Total Museum of Contemporary Art
- Established: 1976
- Location: 465-16 Pyeongchang-dong, Jongno-gu, 110-848 Seoul, South Korea
- Coordinates: 37°36′43″N 126°58′33″E﻿ / ﻿37.6120°N 126.9757°E
- Type: Art museum
- Public transit access: Seoul Metropolitan Subway Gyeongbokgung Station, exit 3 or Gireum Station, exit 3
- Website: www.totalmuseum.org

Korean name
- Hangul: 토탈 미술관
- Hanja: 토탈 美術館
- RR: Total misulgwan
- MR: T'ot'al misulgwan

= Total Museum of Contemporary Art =

The Total Museum of Contemporary Art (TMCA; ) is a non-profit museum in the Pyeongchang-dong district of Seoul, South Korea. The museum, previously named the Total Outdoor Museum, was the first private art institute in South Korea.

== History ==
The museum began in 1976 as an open-air gallery named the Total Outdoor Museum. A year before the 1988 Summer Olympics in Seoul, the TCMA was approved as the first private museum in South Korea. Architect Shin Gyu Moon designed the main exhibition hall. In 1993 the museum was awarded the Architecture of the Year Award by the Korean Institute of Architects.

== Exhibition hall ==
The main building has 3 floors including space for several exhibitions, a curator lab, conference rooms, a vault, a library, a cafe, and an outdoor space for performances.
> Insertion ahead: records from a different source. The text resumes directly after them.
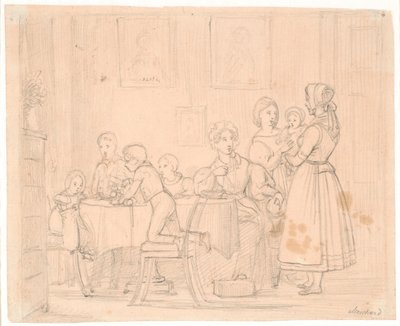 Udkast til det Waagepetersenske Familiebillede af Wilhelm Marstrand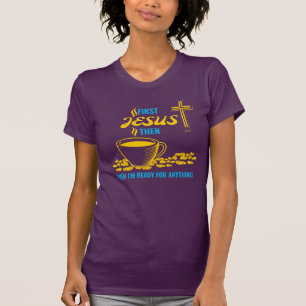 Stijlvolle Jezus koffieliefhebber T-shirt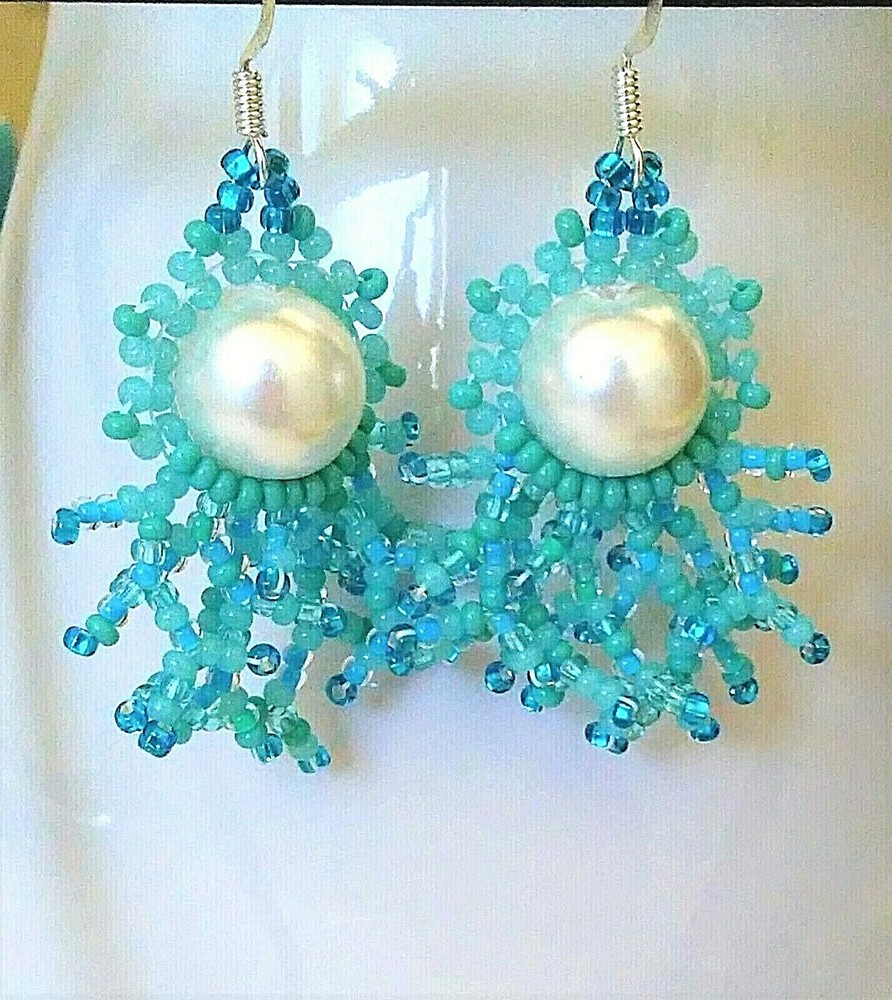 Handmade Turquoise Blue Corralling Earrings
The museum's focus is on regional contemporary art but also allows for cultural events including concerts, lectures, and seminars.

== Education ==
An education program was created in 1993 for teaching the public about art. One-year programs in art, music, architecture, film, and literature are offered at the museum.

The "Dream Up Children!" program was created to teach children to communicate creatively through art.

"The Room" is a program that was designed as a learning tool for beginner curators. The curators are given the freedom to create their own exhibition within the museum's space.